On entre dans la lecture du roman, après ce prologue, et la première impression est toute de surprise. C’est en effet comme si ce prologue n’avait pas existé, et comme si l’abbé Wieser était simplement un brave homme de curé de campagne, doux et timide, envoyé, sur sa demande, dans un village du creux de la montagne. Pas une fois durant les cinq cents pages il ne fait mine de vouloir réaliser une seule « réforme » dans l’Église. Il dit sa messe, il prêche, il enseigne le catéchisme, il confesse et donne les sacremens, tout comme eût fait n’importe lequel de ses compagnons de séminaire. Nulle trace du révolté qui rêvait le mariage des prêtres, ni du hardi journaliste, ni de l’auteur de contes populaires. L’évêque, non plus, ne reparaît point : l’abbé Wieser se borne à lire en chaire ses mandemens, pendant le carême, et à regretter que le style en soit trop fleuri. Ce n’est pas un apôtre que nous retrouvons, installé dans le vieux presbytère de Sainte-Marie-en-Torwald, mais seulement un témoin, un fidèle et minutieux chroniqueur travaillant à noter, Jour par jour, les divers épisodes de la vie du village.

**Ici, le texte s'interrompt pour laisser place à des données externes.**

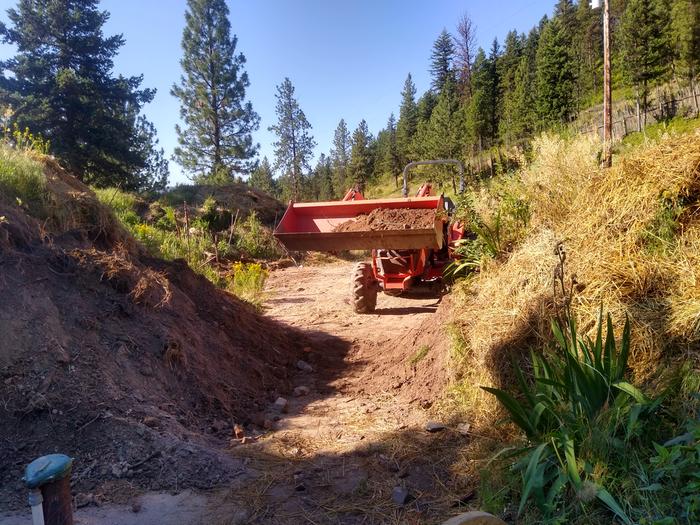 Scott moving the berm back into place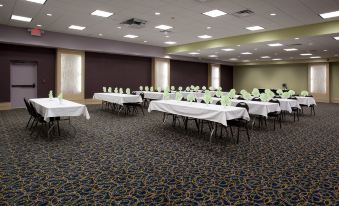 a large conference room with rows of tables and chairs set up for a meeting or event at Holiday Inn Rock Springs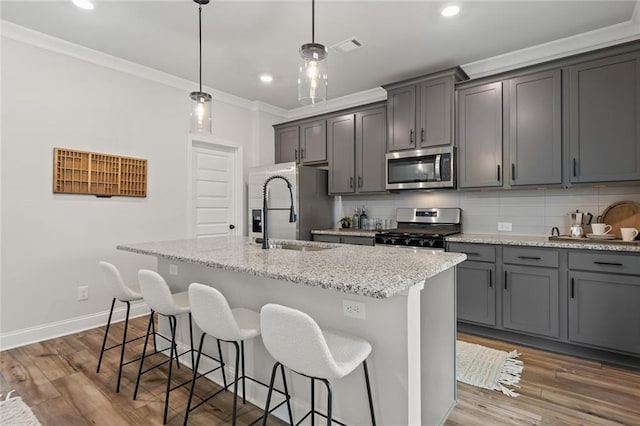 141 Wingate Dr, Auburn, GA 30680 - kitchen with appliances with stainless steel finishes, crown molding, a kitchen island with sink, a breakfast bar area, and decorative backsplash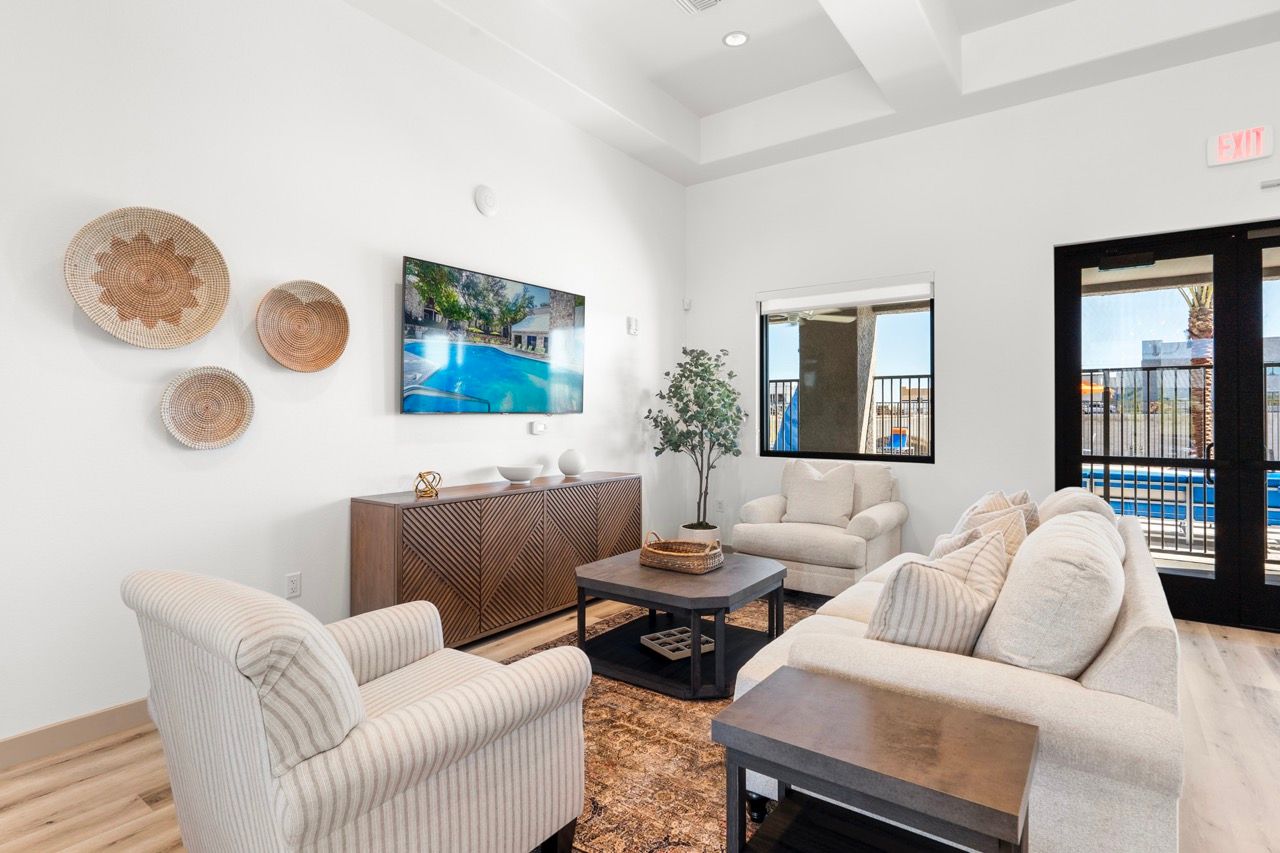 Bright living room with beige sofas, an armchair, coffee table, TV, and glass doors to a pool area.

Tel il nous apparaît surtout dans la première moitié du roman, qui forme, par elle-même, un roman entier. Six ans durant, de 1875 à 1881, son Journal nous renseigne sur les naissances et les morts, et les accidens, et les crimes, et sur l’état des récoltes, et sur les fêtes, sur tout ce qui se produit de nouveau dans ce petit village des Alpes styriennes. Nous apprenons à en connaître un à un tous les habitans, le forgeron Eschgartner qui fait fonction de bourgmestre, son fils le petit Rolf, amoureux des livres et de la vie en plein air, la servante Regina, le sacristain Charles Gross, l’aubergiste, le maître d’école, et des paysans pauvres, et d’autres plus riches, et jusqu’à deux vauriens, Holz-Hoisel et Peter-Heissel, dont l’un a déjà commis un meurtre, et dont l’autre ne va point tarder à en commettre un. Tous ces personnages nous sont présentés tantôt de face et tantôt de profil, reparaissant, puis cédant la place à d’autres, sur la trame du récit de l’excellent curé. Point d’action centrale, mais une dizaine d’actions qui se poursuivent avec des intervalles ; et, dans l’ensemble, une longue chronique, nous initiant à tous les événemens petits ou gros, ordinaires ou exceptionnels, tragiques ou familiers, de cette humble paroisse de Sainte-Marie-en-Torwald.